Les sciences naturelles survivront si et seulement si on détruit leur objet. La difficulté c’est d’y croire et d’espérer que les naturalistes se révoltent ou contaminent les financiers.

Marie-Paule Nougaret
Journaliste, auteur de La Cité des Plantes, en ville au temps des pollutions (Actes Sud)
http://citedesplantes.tumblr.com

À lire aussi sur l’Echappée http://mpnougaret.wordpress.com/

5 commentaires

  1. Très intéressant. Le philosophe Michel Serres développait l’idée que notre fonctionnement était basé sur une croyance en une ressource fournit par la terre gratuite et infinie.
    Avec notre consommation toujours grandissante et l’accès à un plus grand nombre à ce comportement, on s’aperçoit que ce n’est pas infini. La conscience de ce paradigme, qui était auparavant invisible, n’est encore que trop peu répandue.
    C’est donc une révolution de nos rapports aux choses et au vivant qui est nécessaire (et donc évidemment, en conséquence, aux notions de valeur et d’argent).
    Dirac, prix nobel de physique, a dit : « pour qu’une idée nouvelle fasse son chemin, il faut attendre que les tenants de l’ancienne meurent !!! »
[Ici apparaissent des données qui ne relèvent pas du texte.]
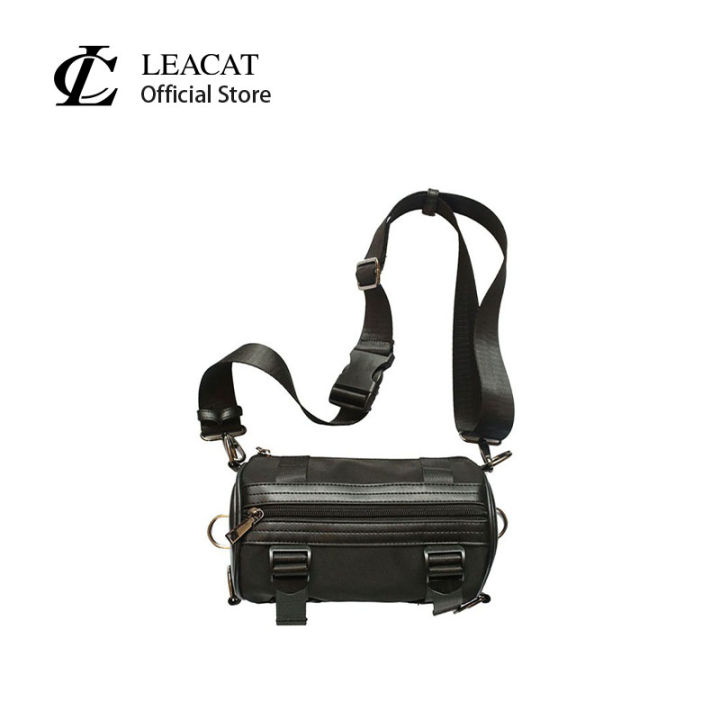 Leacat Men Designer Crossbody Bags Fashion Small Cylinder Phone Packs 2021  Women Messenger Shoulder Bag Street Hip-Hop Tooling Pouch Tooling bag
  2. Je suis surpris que des naturalistes imaginent encore que leur action soit nécessaire à la validation de choix « favorables à la biodiversité » par les industriels. Les naturalistes les plus sérieux évaluent leurs actions au niveau du devoir de mémoire, et rien de plus.
    Cet article est intelligent et philosophique. J’adhère à son pessimisme.

  3. Je ne comprends pas trop « Déjà ils ont laissé partir le Muséum, avec toutes ses collections, dans une fondation privée ou siègent des multinationales de l’eau. » Vous évoquez le MNHN ? Si oui, je suppose que vous vous parlez de peut-être de Véolia ??? D’après ce que je sais ils ont subventionné l’espace pédagogique destiné aux enfants de la grande galerie, aident à une thèse, à des recherches dans un labo… Quant aux collections je n’ai jamais entendu parler d’une relation quelconque. Quant aux naturalistes écrire « qu’ils ont laissé partir » je ne comprends pas. Ils n’ont aucune relation, pouvoir, influence, dans ce qui est de la gestion de l’établissement, à moins qu’il ne s’agisse des scientifiques ? Au mnhn ils n’ont que de petits pouvoirs, ceux que l’on veut bien leur laisser. Pas ceux de diriger l’établissement.
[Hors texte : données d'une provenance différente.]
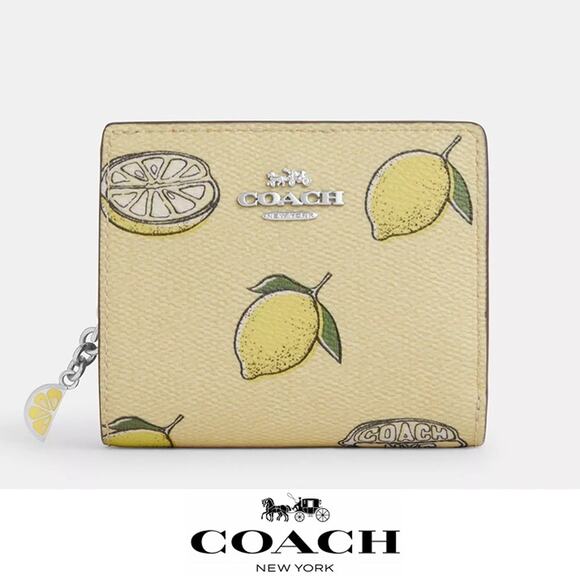 🍋 Coach Snap Wallet With Lemon Print - Picture 1 of 8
    1. Eh bien je ne sais qui aurait eu ce pouvoir… Toujours est il que le Museum, jadis Etablissement d’Enseignement de la République, appartient désormais à cette fondation privée. 
      Disons donc « nous avons tous laissé partir » ces belles collections, mortes ou vives (jardins), et ses outils qui revenaient trop cher à nous pauvres chercheurs, pauvre administration, pauvres citoyens, toujours si dispendieux.